I have a dataframe like this;
df = pd.DataFrame(np.array([['apple', 'golden', 3], ['apple', 'green', 6], ['banana', 'golden', 9], ['apple', 'golden', 5], ['apple', 'green', 6], ['banana', 'golden', 6]]),
columns=['Column1', 'Column2', 'Column3'])
df
Column1 Column2 Column3
0 apple golden 3
1 apple green 6
2 banana golden 9
3 apple golden 5
4 apple green 6
5 banana golden 6
I want to compare "Column1" rows with iterating in a new Column4. If there is a difference I want to write down True, if not False.

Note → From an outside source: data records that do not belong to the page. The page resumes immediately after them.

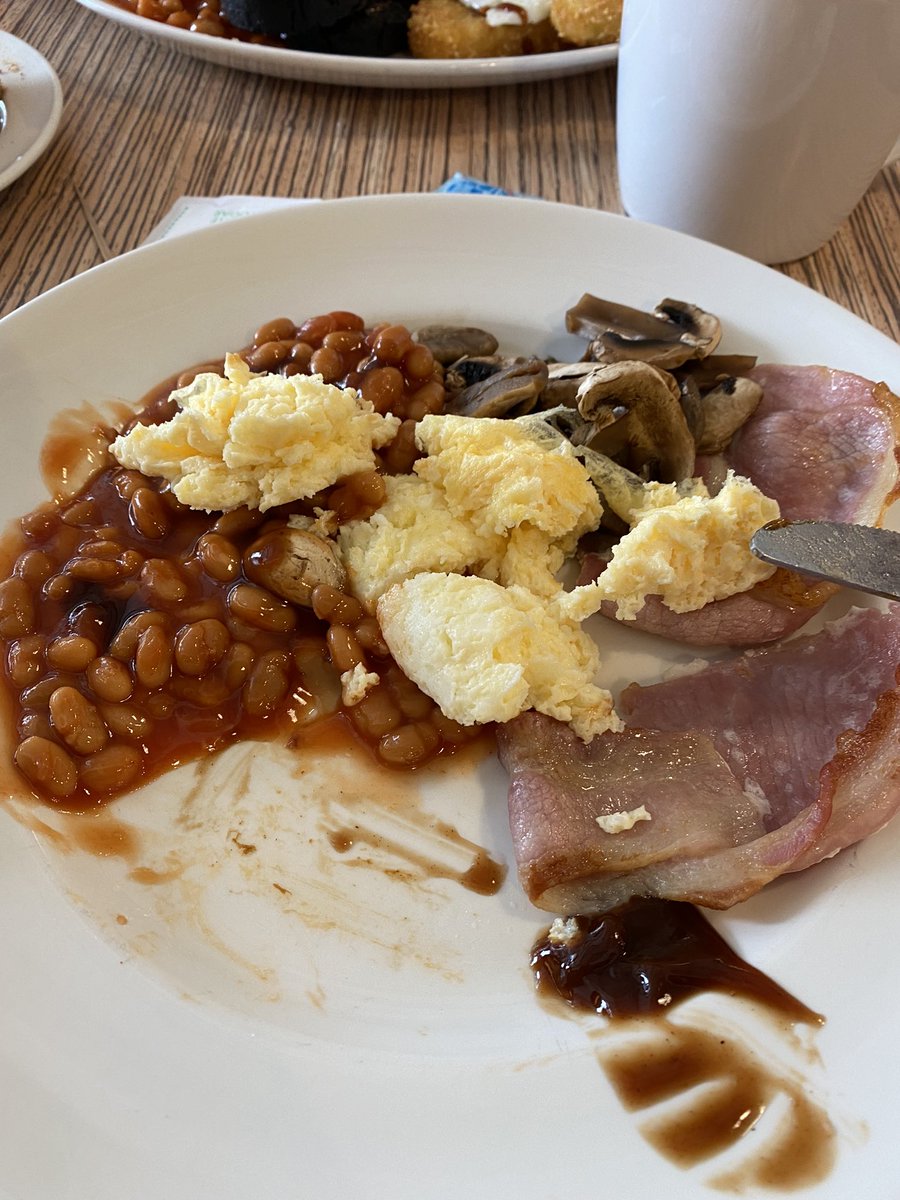 Meeshy1's tweet photo. @AsdaServiceTeam Saw your £5 19 piece breakfast deal and thought great! Had to build my own (Keto diet) - Sausages DRY Bacon HADNT SEEN HEAT Beans COLD Mushrooms DRY BLAND Egg BLAND OVERDONE - Never Ever Again - Refundable! Best Bit - Bottle of Water. https://t.co/P06KoQGN0T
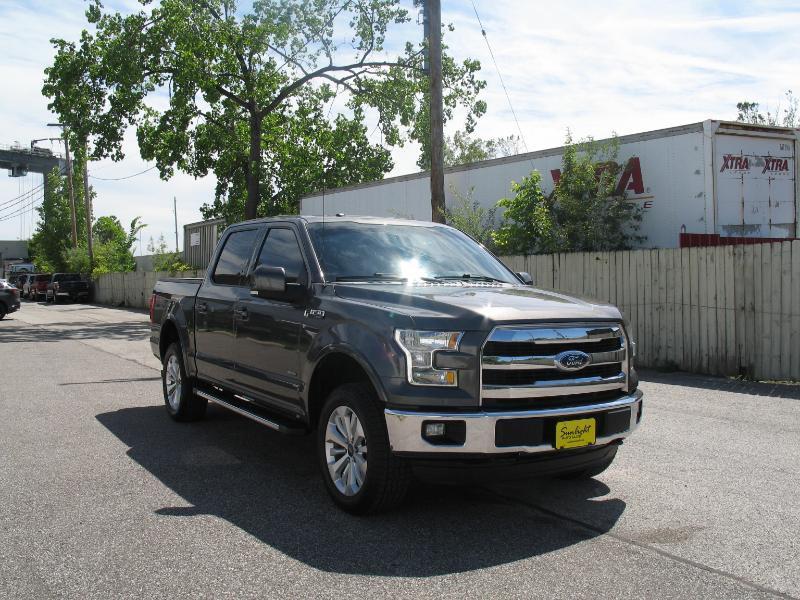 Ford F-150 Lariat SuperCrew 5.5-ft. Bed 4WD 2016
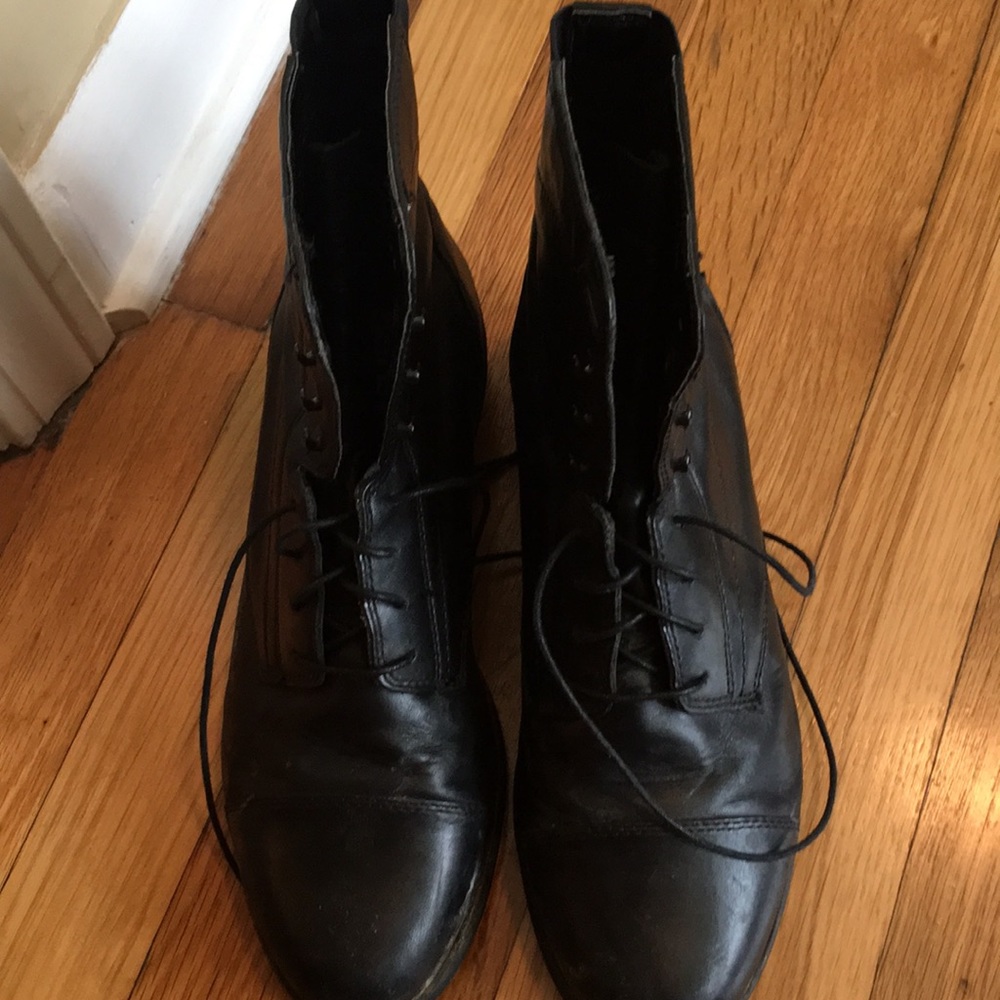 Ariat Lace Up combat style boots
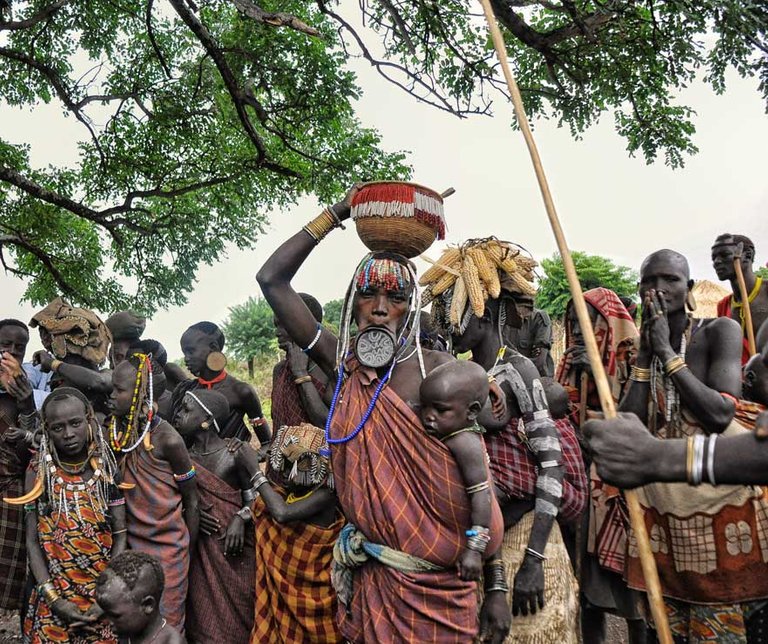 Mursi_Tribe,_Ethiopia_(8159768048).jpg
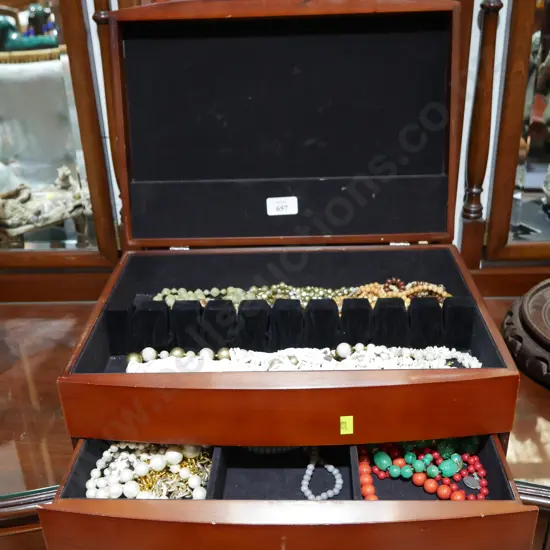 Jewelry box and contents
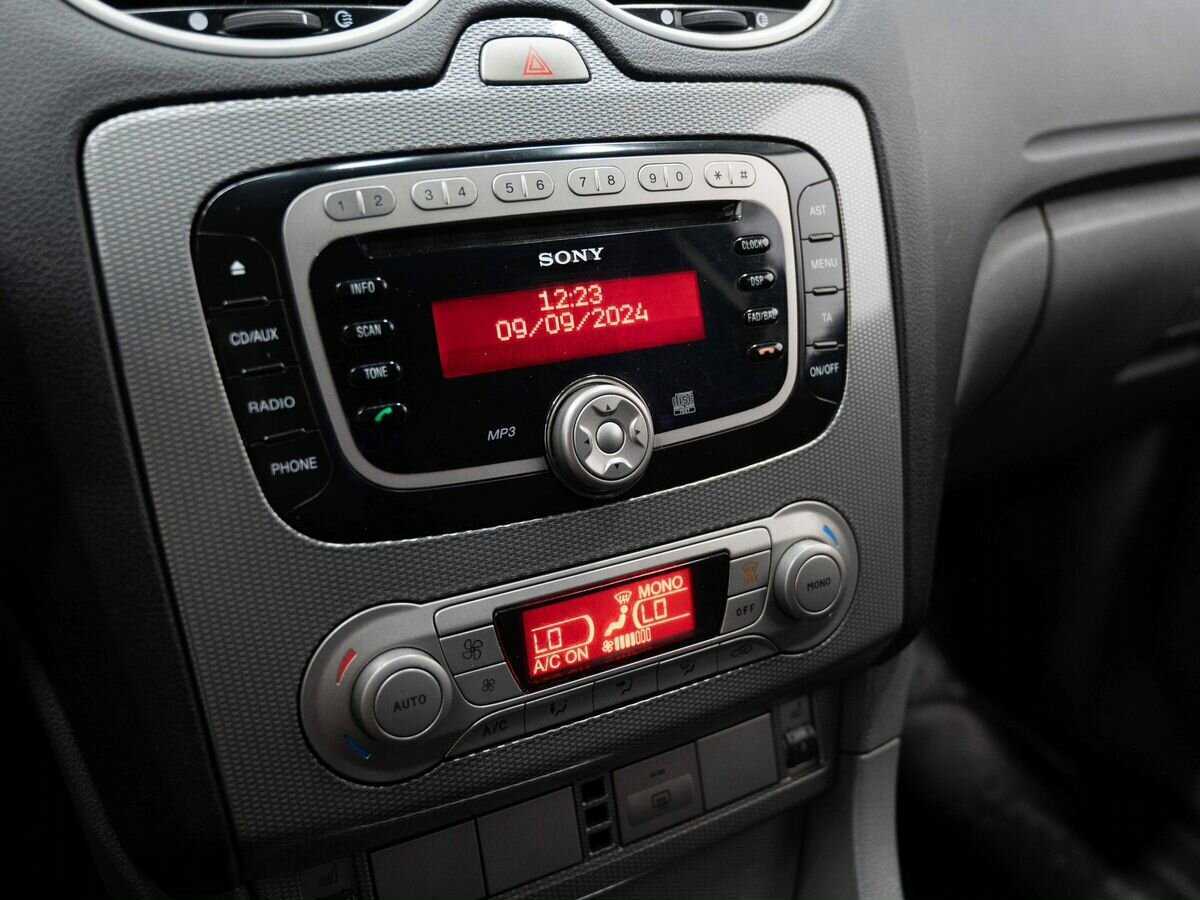 Купить Ford Focus с пробегом. Фото: #17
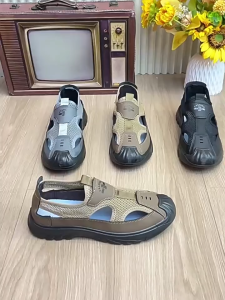 Korean Slip On Shoes For Men Rubber Slipper For Men Low Cut Breathable Shoes Fly Woven Shoes For Men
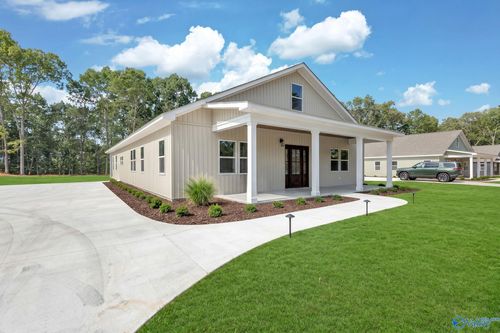 2070 Browns Valley Rd, Guntersville, AL, 35976 | Card Image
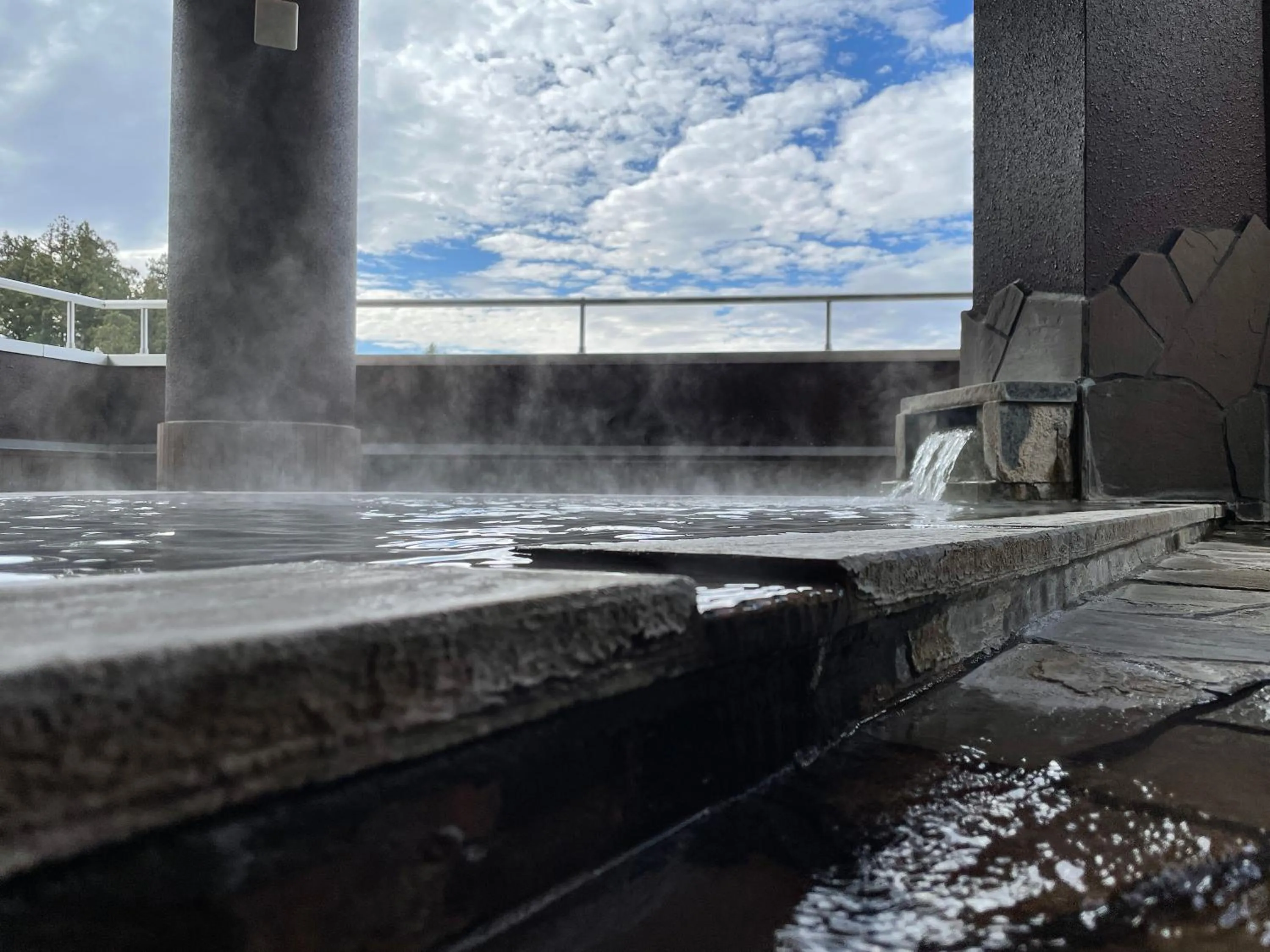 Hot Spring Bath in Hotel Omodaka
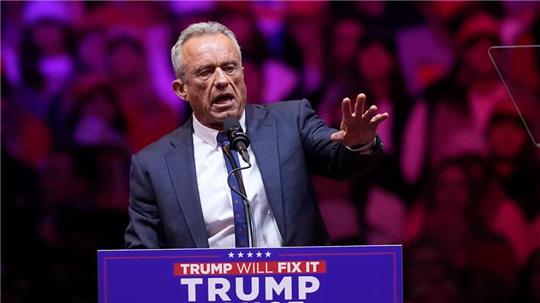 „Make America healthy again“: Der Verschwörungstheoretiker, Impfgegner und ehemals heroinsüchtige Robert F. Kennedy Jr. soll US-Gesundheitsminister unter Donald Trump werden.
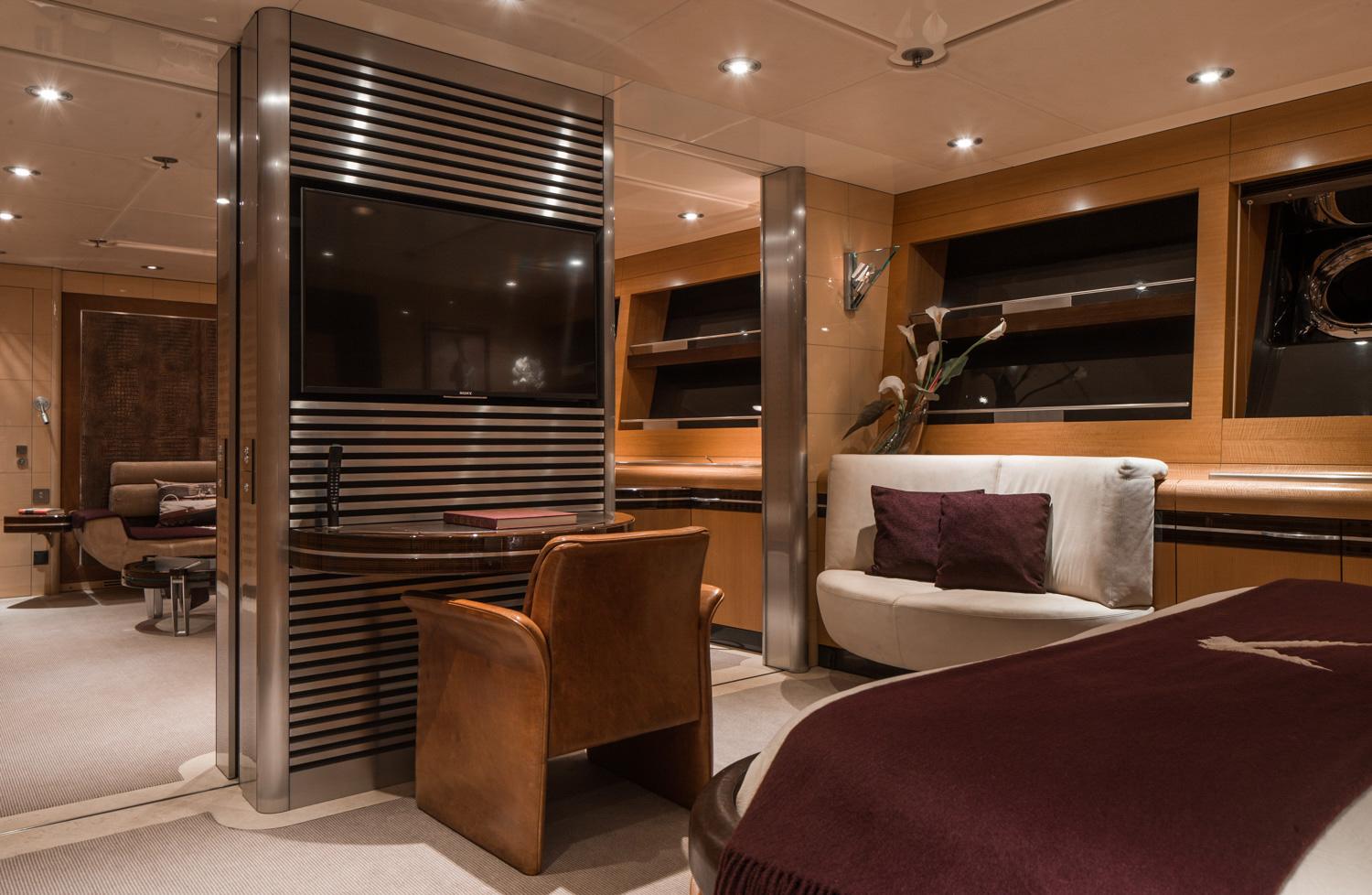 Maltese Falcon Gallery Image 6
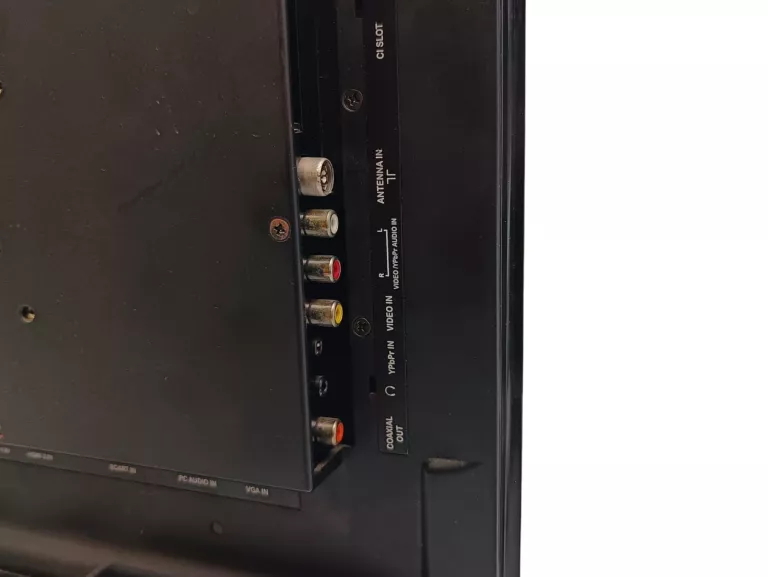 TELEWIZOR LAZER LEDDTV1526H
15,6'' 5,0V HDMI +PILOT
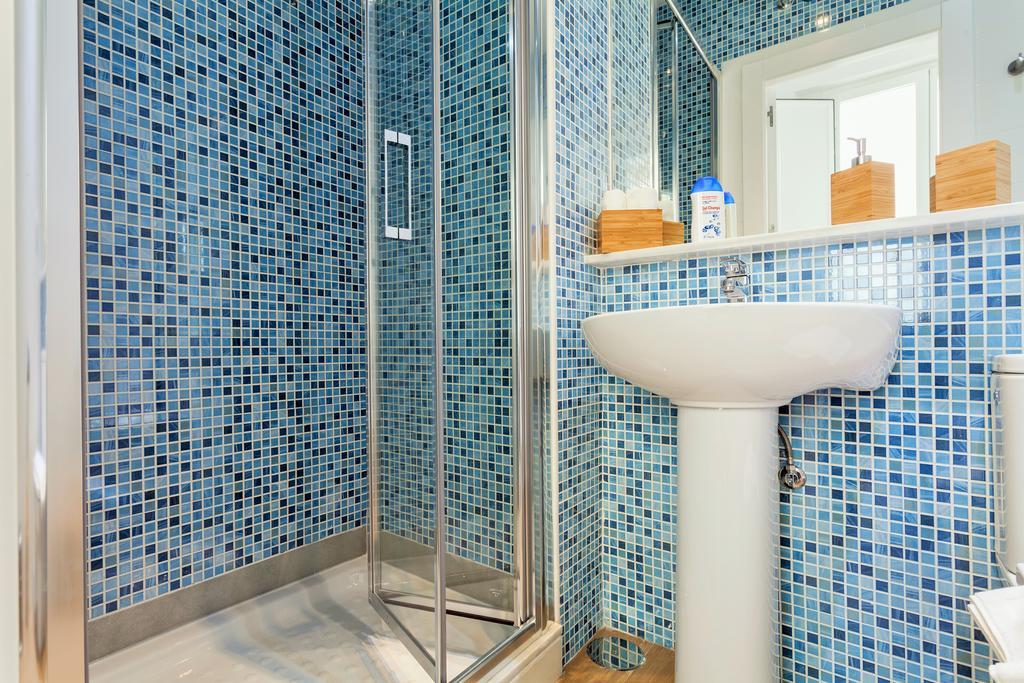 Hostly Acetres 1A Loft In City Center, Comunal Terrace, Fibre,Parking Optional Siviglia Esterno foto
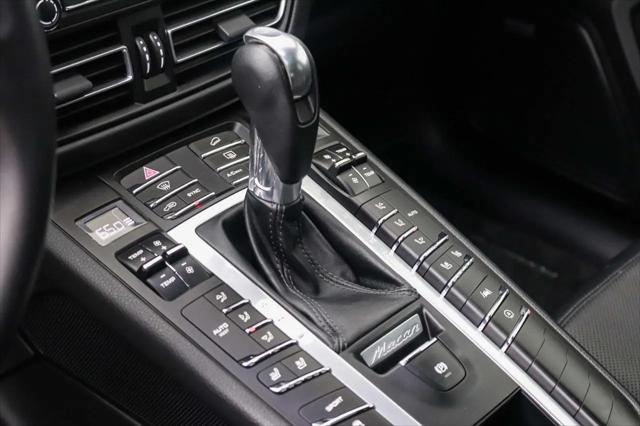 2021 Porsche Macan Macan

Column1 Column2 Column3 Column4
0 apple golden 3 False
1 apple green 6 False
2 banana golden 9 True
3 apple golden 5 True
4 apple green 6 False
5 banana golden 6 True
And lastly, if comparing result is true, I want to add Column1 item to a list.
list = ['banana']
Compare shifted values for not equal with replace first value to original Column1
by fillna
:
df['Column4'] = df.Column1.shift().fillna(df.Column1).ne(df.Column1)
print (df)
Column1 Column2 Column3 Column4
0 apple golden 3 False
1 apple green 6 False
2 banana golden 9 True
3 apple golden 5 True
4 apple green 6 False
5 banana golden 6 True
For list dont use list
, because python code word:
L = df.loc[df['Column4'], 'Column1'].unique().tolist()
print (L)
['banana', 'apple']